My neighbor is no longer his old predictable self. Yesterday he came home as an improved version of the original fellow I used to know.

 

He had had a bone marrow transplant and was now rebooted to version 2.0. All of his blood was now made by an anonymous donor. Even his blood type, which was once A negative, is now A positive. That also applies to his view of life. He had had a deadly variant of leukemia and maybe a few months left to live. Now there is no trace of the disease.

Illustration by Eliane Gerrits.

“Today I am 125 days old,” he tells me. That’s the exact number of days that have passed since the stem cells from an anonymous donor marrow first dripped into his vein at the Memorial Sloan Kettering Cancer Center in New York.

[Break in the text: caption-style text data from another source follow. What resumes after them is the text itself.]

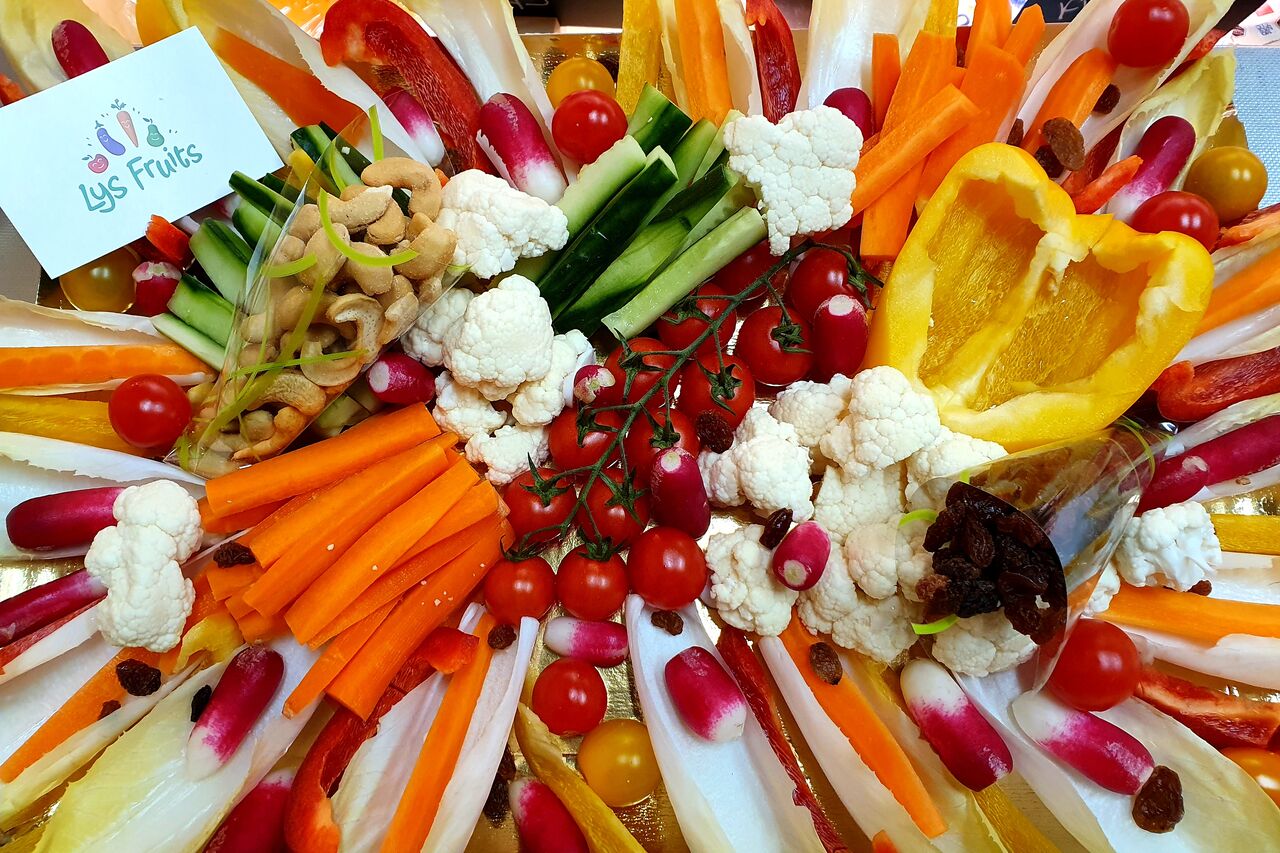 Plateaux traiteurs : Légumes croc’en sauce, Fromages, Fruits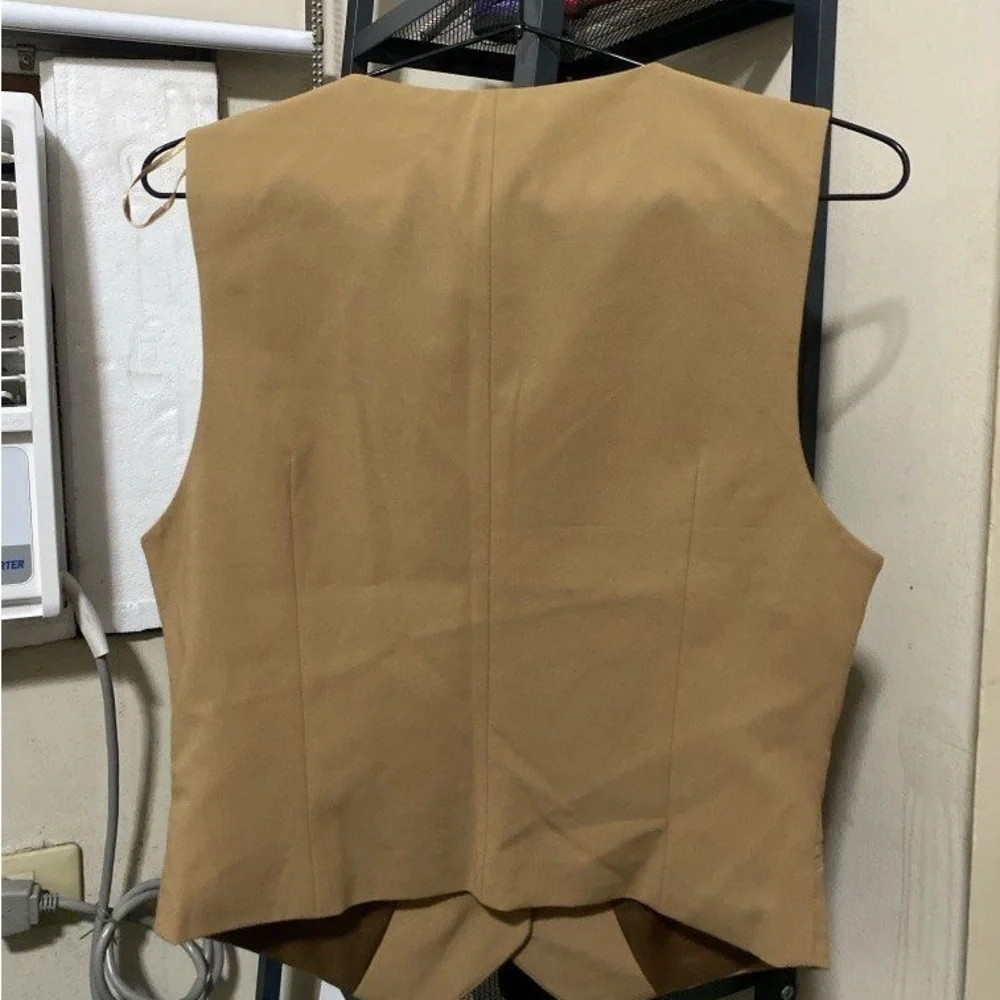 Zara NWT tan camel vest waistcoat with black button front - Picture 3 of 9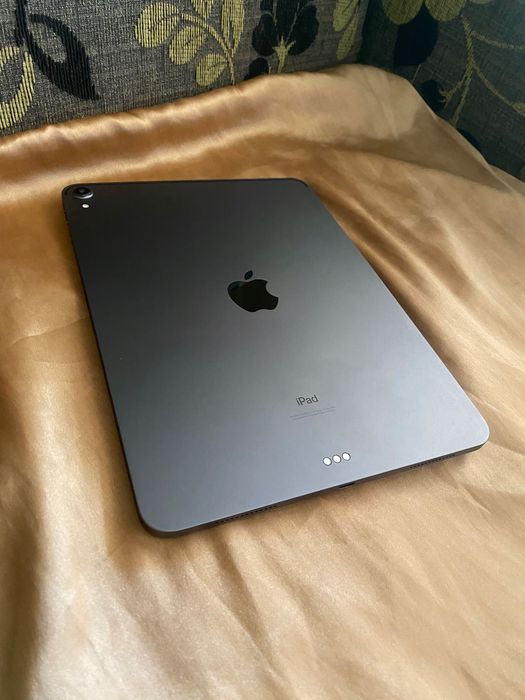 Apple iPad Pro 11-inch 64GB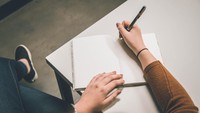 Kalimat Intransitif: Pengertian, Ciri-Ciri, dan 15 Contohnya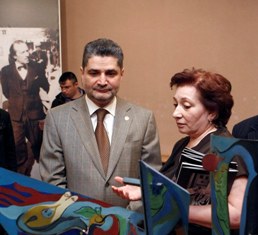 Armenian premier visits National Art Gallery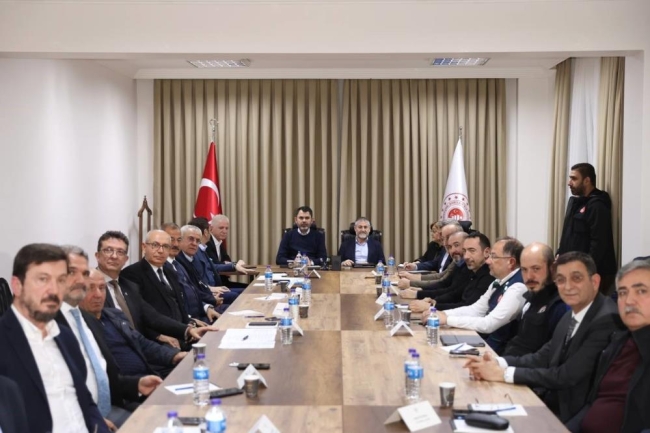 Bakan Kurum: "Hep birlikte bu süreci yürütmek zorundayız"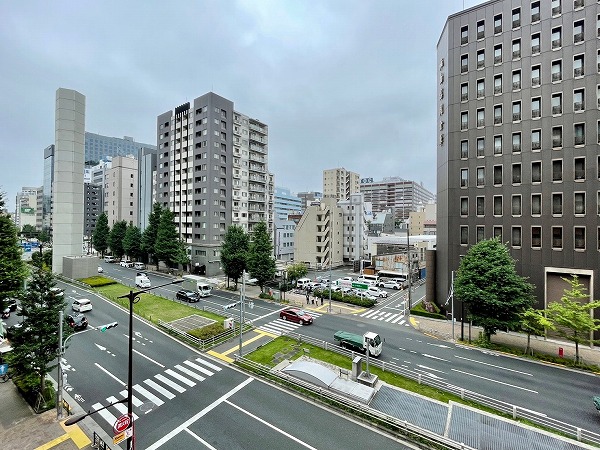 セブンスターマンション第2五反田　陽当たり良好 南向きバルコニーは山手通りに面しています。全ての窓にインナーサッシが新設されており、窓を閉めている間はそれほど音が気になりません。大通り沿いは好みが分かれるところですが、至近距離にビルが建つ可能性が0に近いというのは大きなメリットと言えるでしょう。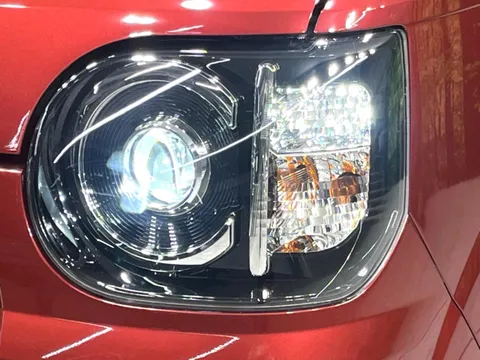 Daihatsu Mira Tocot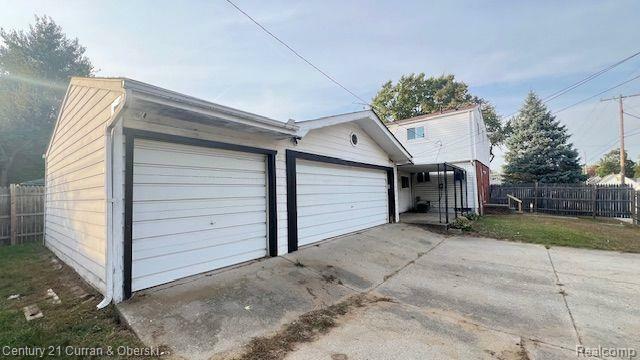 Property Photo:  35007 Winslow Street  MI 48184 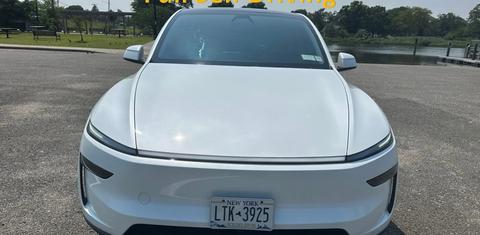 Tesla Model Y 2026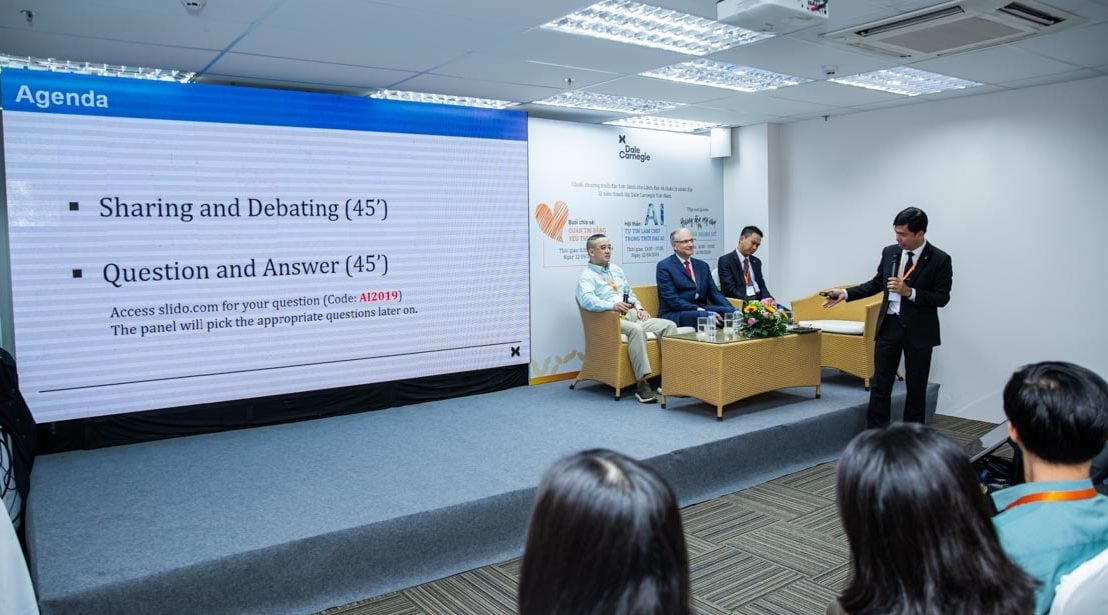  Quản trị bằng yêu thương trong thời đại AI: Xây dựng một tương lai kết hợp giữa con người và máy móc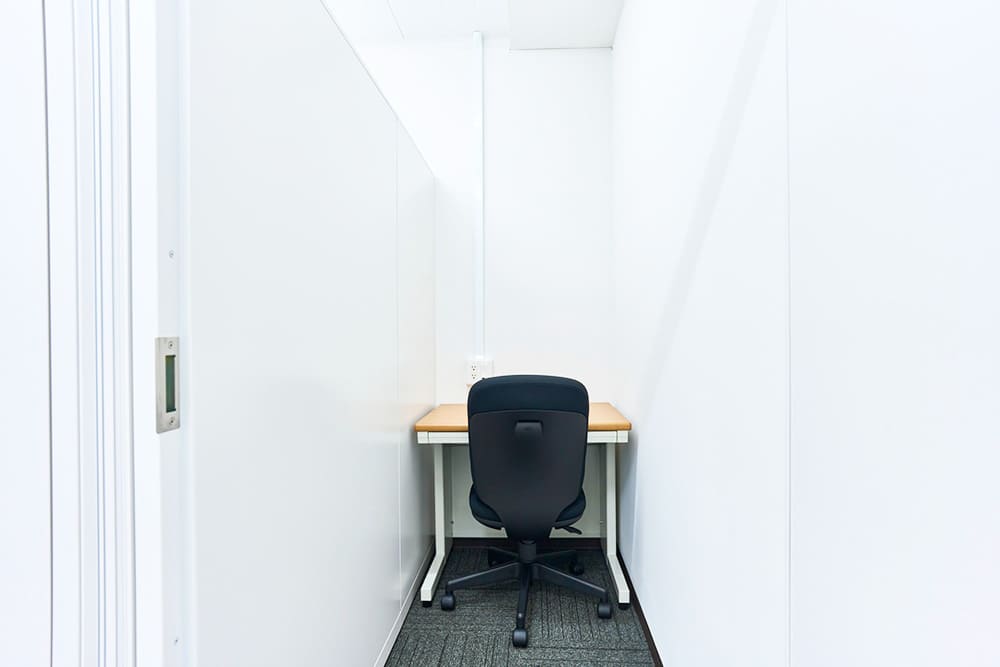 Private booth-style room for 1 person (1.97㎡) - TENSHO OFFICE Shinsaibashi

Although he is not a believer, a team of nurses gathered at his bedside to bless the new stem cells. He thanked the anonymous donor with a short speech, in between his tears.

He sent me a photo of this bedside ritual. A small, pale man lost in a large white bed. He didn’t have much hair to start with, and what he had left had fallen out because of the chemo. The small red bag hung above him, carrying all of his hopes.

A few days later I visited him on one of two floors reserved for transplant patients. I was asked to wear a mask and gloves for fear of germs I might carry. My neighbor tried to be cheerful, talking on and on, trying to make me laugh. The shock must have been visible on my face.

I walked out past many rooms with transplant patients, young and old. This hospital does about three hundred transplants a year. There was a solemn atmosphere. Here both the patients and the medical staff test the limits of human capacity. Outside in the street, amid all the hustle and bustle of New York, I stood still and gently sent up my blessings, like blowing seeds from a dandelion.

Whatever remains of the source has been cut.